_Work order_: Up to and including the line that holds "Hobby 545 KMF De Luxe 13 of 17", print the data exactly from its first line; do not print the pictures.

_Material supplied_:
════════════════════
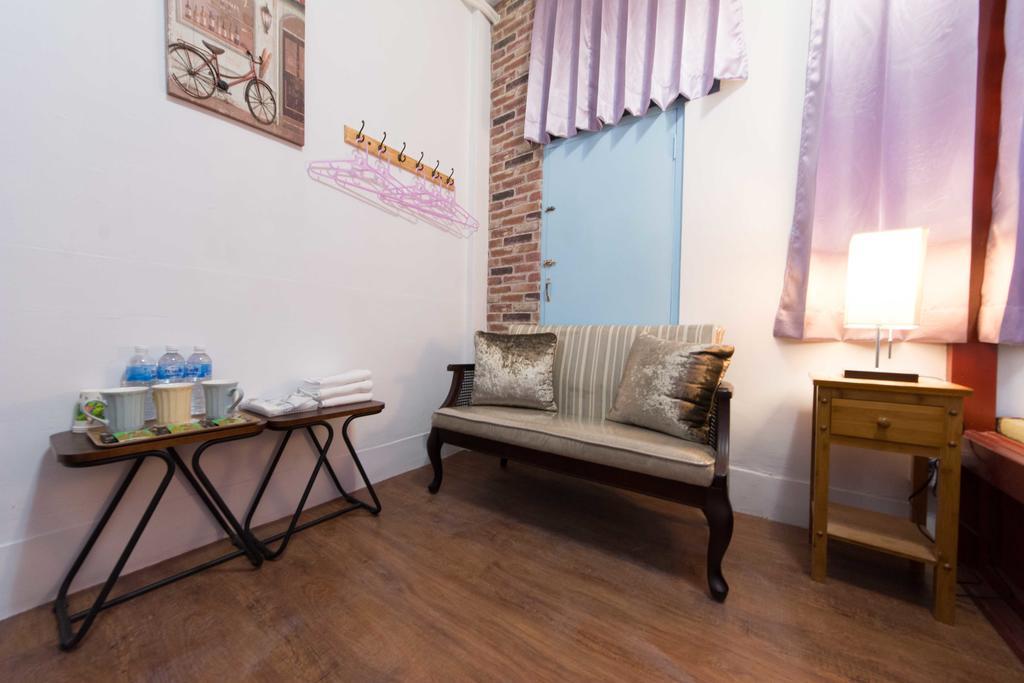 Gratitude Apartment Tainan Luaran gambar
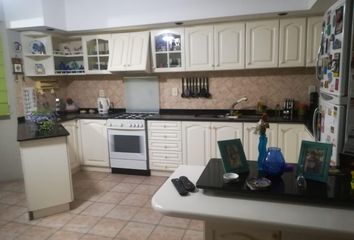 SE VENDE DUPLEX . CALLE 11 DE SETIEMBRE AL 400, HAEDO SUR. 4 AMBIENTES CON COCHERA PARA 2 AUTOS CON ACCESO AUTOMAT. ANTIGUEDAD 13 AÑOS SUSANA QUINELLI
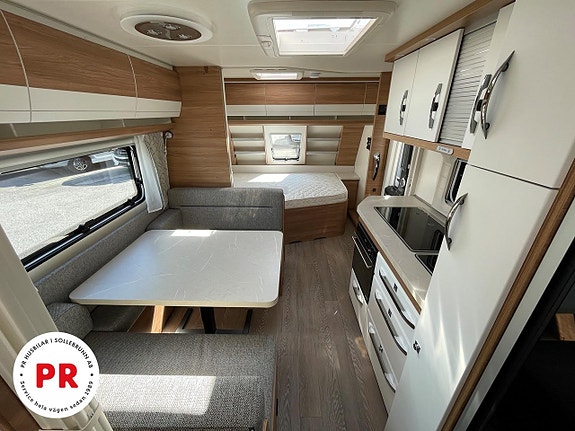 Hobby 545 KMF De Luxe 13 of 17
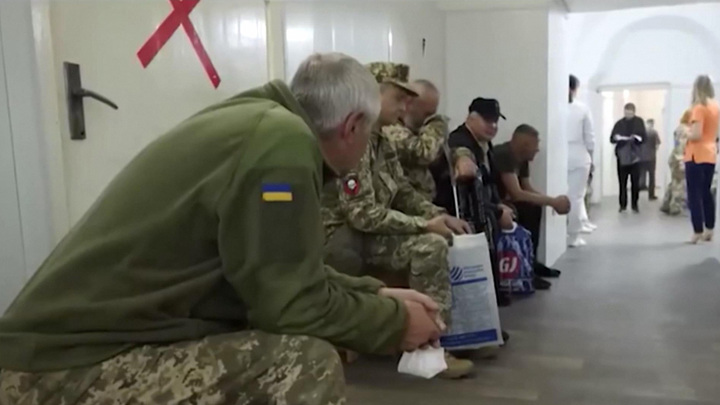 Сотрудники ТЦК на Украине насильно отправили в армию еще одного священника УПЦ Сотрудники ТЦК на Украине насильно отправили в армию еще одного священника УПЦ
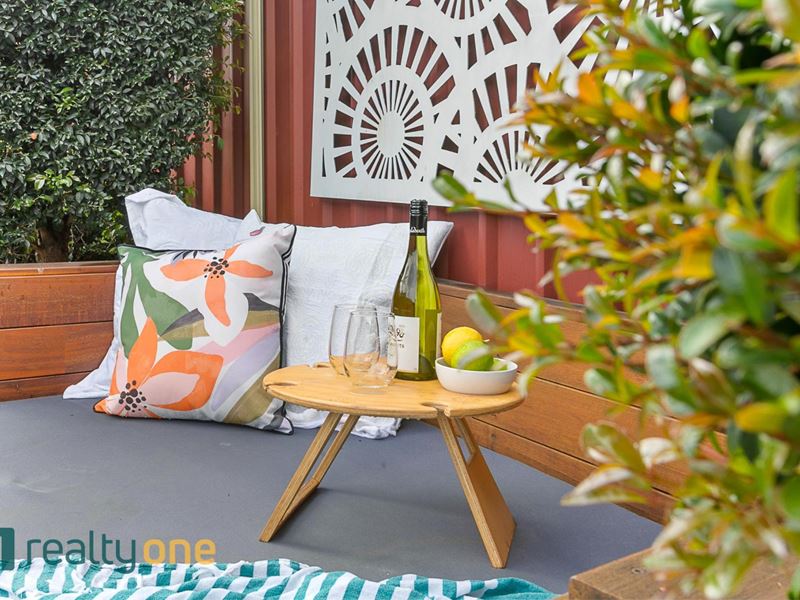 2 Blakers Ridge, Winthrop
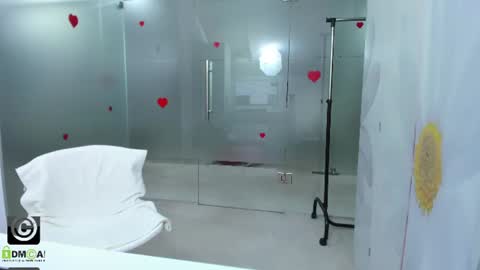 Snapshot of missdominna chatting on 06-11-26, 02:53 Miss Domina online show from 06-11-26, 02:53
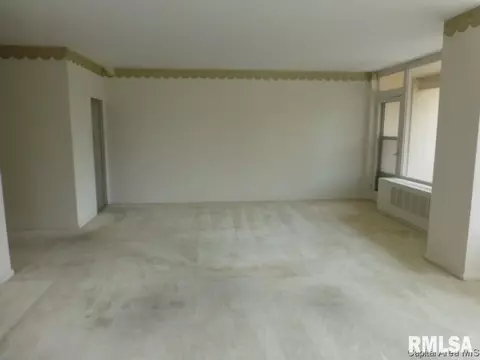 718 S 7th St #202, Springfield, IL 62703 photo 4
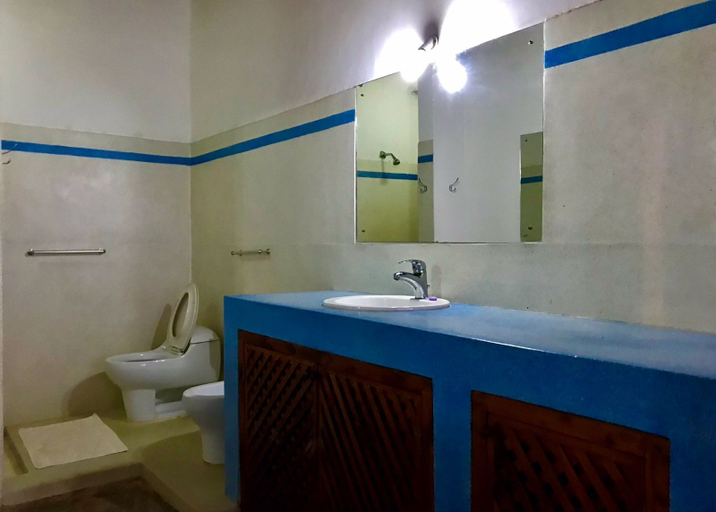 Bathroom 4, Silver Rock Hotel, Malindi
════════════════════
_Final answer_:
 Gratitude Apartment Tainan Luaran gambar
 SE VENDE DUPLEX . CALLE 11 DE SETIEMBRE AL 400, HAEDO SUR. 4 AMBIENTES CON COCHERA PARA 2 AUTOS CON ACCESO AUTOMAT. ANTIGUEDAD 13 AÑOS SUSANA QUINELLI
 Hobby 545 KMF De Luxe 13 of 17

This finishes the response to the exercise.